Professor Kitagawa made a breakthrough in this situation even though he was not a researcher of porous materials. He majored in "coordination chemistry." Metal complex has the structure of bonding organic molecules (ligands) around a metal ion. It can obtain various functions by changing the kind of metal ions and ligands. Thus, it has great potentiality as a new porous material.

However, metal complexes including organic molecules are unstable in their structures, and they are extremely easy to break down. Professor Kitagawa was the first to demonstrate that a porous metal complex can adsorbs gases reversibly without collapse of the porous structure. Furthermore, he achieved the production of a metal complex that changes its structure or its property in response to surrounding environments and external stimuli, which enables adsorption and desorption with high selectivity. The new material, which is named Porous Coordination Polymer (PCP), has been researched and developed for practical use across the world as an epoch-making adsorbent that surpasses the previous limitation of conventional porous materials.

Professor Kitagawa started ERATO "KITAGAWA Integrated Pores Project" in 2007, and focused on bringing out new knowledge by looking into the PCP structure and property, rather than advancing technological development that led to immediate practical realization.

He has investigated the unique property of the micropore in a PCP showing structural transformations to effectively accommodate target molecules and succeeded in controlling the strength of taking in molecules by downsizing the PCP particle size to the utmost limit. Furthermore, he paid attention to the difference in electronic properties between oxygen and nitrogen that are difficult to be separated due to the resemblance in size and shape. He then synthesized a　PCP that shows a partial electron transfer between host and guest, and easily separated oxygen from the air that consists of 78% nitrogen and only 20% oxygen. He was also successful in selective adsorption oxygen, carbon monoxide, etc. by transformation of PCPs in response to the condition of pressure, light, and temperature. In addition, he is developing a PCP that discriminate super subtle difference in the structures of molecules that are taken in, and provides information with emission color.

These research achievements largely extend the potentials for practical use of PCPs, such as enhancing the selectivity of the adsorption and separation of targeted molecules, providing application for sensors, etc.

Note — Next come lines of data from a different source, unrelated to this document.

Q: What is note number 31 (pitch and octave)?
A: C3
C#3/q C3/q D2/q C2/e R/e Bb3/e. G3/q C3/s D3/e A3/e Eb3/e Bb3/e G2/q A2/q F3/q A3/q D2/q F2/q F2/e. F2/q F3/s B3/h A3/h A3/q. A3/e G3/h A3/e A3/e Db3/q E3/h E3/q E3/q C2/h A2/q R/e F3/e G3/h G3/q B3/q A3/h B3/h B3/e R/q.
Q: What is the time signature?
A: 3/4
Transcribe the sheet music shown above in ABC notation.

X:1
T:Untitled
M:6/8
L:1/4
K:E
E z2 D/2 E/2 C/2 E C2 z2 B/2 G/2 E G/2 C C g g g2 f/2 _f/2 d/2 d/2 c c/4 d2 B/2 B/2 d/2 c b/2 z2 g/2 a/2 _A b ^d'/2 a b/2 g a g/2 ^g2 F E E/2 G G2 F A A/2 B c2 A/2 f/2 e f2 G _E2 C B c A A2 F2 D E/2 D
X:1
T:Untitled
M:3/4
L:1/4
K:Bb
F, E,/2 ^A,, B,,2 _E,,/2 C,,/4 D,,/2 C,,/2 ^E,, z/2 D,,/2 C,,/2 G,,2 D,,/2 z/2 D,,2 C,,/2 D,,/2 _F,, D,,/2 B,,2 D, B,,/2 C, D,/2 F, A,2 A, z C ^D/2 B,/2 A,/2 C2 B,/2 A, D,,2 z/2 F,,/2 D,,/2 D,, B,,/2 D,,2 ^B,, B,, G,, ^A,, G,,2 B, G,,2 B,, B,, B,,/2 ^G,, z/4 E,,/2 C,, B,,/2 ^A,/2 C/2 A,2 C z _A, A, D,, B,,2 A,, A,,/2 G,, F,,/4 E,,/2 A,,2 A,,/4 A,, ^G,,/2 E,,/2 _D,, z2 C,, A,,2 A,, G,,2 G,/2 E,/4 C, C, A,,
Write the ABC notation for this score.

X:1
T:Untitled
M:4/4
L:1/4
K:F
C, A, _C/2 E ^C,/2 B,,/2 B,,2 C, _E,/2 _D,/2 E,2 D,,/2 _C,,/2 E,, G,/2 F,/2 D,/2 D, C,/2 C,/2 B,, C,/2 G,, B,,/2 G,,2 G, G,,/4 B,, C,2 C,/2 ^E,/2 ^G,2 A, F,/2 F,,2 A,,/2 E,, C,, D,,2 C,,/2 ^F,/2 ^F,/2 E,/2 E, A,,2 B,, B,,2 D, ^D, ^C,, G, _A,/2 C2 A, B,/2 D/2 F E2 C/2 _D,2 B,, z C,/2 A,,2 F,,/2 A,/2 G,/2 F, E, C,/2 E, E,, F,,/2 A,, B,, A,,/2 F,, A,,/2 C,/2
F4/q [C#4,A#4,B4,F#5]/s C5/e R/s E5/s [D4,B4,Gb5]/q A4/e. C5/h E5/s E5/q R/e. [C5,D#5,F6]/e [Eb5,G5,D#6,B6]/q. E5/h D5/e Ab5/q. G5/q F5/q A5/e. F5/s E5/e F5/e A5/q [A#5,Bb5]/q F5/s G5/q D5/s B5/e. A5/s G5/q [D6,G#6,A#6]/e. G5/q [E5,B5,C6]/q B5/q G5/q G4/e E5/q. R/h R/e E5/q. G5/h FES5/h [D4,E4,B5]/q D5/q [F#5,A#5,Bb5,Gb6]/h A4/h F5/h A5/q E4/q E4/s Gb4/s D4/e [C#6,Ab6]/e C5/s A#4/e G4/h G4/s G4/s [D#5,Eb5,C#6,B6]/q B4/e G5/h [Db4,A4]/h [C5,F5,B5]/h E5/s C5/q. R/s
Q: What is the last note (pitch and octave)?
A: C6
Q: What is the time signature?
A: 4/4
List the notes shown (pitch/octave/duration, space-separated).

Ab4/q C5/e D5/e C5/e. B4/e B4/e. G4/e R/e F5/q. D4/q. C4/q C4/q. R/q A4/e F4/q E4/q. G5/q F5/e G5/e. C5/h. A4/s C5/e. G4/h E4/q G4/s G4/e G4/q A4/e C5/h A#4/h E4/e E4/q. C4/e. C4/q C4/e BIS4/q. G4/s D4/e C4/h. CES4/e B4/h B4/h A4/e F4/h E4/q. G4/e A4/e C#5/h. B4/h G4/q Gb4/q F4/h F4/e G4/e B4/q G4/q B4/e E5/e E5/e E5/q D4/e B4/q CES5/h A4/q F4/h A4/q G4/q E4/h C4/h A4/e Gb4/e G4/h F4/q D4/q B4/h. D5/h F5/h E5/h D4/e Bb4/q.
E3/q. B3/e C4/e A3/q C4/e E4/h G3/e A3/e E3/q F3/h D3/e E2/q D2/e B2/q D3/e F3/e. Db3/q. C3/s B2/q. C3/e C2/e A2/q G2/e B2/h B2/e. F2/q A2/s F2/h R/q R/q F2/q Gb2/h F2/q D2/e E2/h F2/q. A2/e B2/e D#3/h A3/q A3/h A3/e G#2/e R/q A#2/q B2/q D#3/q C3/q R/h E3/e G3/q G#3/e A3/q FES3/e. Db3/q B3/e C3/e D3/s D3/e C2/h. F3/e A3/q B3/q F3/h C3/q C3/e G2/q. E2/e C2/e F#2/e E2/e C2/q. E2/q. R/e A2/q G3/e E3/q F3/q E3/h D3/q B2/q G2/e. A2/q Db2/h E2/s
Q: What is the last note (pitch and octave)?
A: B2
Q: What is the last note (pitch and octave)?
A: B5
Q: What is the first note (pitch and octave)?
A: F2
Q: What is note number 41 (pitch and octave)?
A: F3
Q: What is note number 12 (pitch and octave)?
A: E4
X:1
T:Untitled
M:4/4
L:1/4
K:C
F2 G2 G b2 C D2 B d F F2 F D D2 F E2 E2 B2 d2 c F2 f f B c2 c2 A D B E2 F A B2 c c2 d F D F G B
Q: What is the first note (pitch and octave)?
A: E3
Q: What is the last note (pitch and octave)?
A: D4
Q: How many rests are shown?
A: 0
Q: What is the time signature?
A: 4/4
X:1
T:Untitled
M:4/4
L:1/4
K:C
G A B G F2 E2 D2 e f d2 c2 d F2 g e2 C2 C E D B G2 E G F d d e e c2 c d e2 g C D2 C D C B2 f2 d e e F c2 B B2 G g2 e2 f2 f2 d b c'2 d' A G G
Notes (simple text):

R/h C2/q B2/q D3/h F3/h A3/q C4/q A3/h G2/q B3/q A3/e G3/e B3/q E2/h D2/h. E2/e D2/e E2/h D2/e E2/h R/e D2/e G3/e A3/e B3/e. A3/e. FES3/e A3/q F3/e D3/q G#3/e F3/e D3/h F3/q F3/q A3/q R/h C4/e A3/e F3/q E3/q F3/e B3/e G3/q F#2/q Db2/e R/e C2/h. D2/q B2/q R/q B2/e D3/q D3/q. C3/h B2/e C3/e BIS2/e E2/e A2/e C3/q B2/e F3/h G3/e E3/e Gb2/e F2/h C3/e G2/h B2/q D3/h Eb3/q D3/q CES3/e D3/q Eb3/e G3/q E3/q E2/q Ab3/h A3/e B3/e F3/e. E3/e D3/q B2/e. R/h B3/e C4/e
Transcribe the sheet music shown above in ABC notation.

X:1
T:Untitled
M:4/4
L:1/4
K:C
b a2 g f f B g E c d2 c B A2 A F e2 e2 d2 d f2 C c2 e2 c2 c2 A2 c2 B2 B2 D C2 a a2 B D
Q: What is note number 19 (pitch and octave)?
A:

In 2013, ACCEL Research and Development Subject of "The Nanospace Science of PCP for Molecular Control" started. The aims of this research project are to further enhance separation performance, to elucidate its mechanism, and to develop its production method pertaining to the PCP of carbon monoxide adsorption that provides the highest performance of gas separation among PCPs, while advancing research. At the same time, it is also expected development of a potential use of PCP in the wide field of gas related applications such as gas separation, purification and conversion.

Although he did not majored in porous materials, Professor Kitagawa discovered the great potentials as porous materials based on his own research background in coordination chemistry, developed the new materials called PCP, sought for a new science in PCPs, and expanded the possibilities for practical use. He is attracting attention as a major candidate for the Nobel Prize in Chemistry.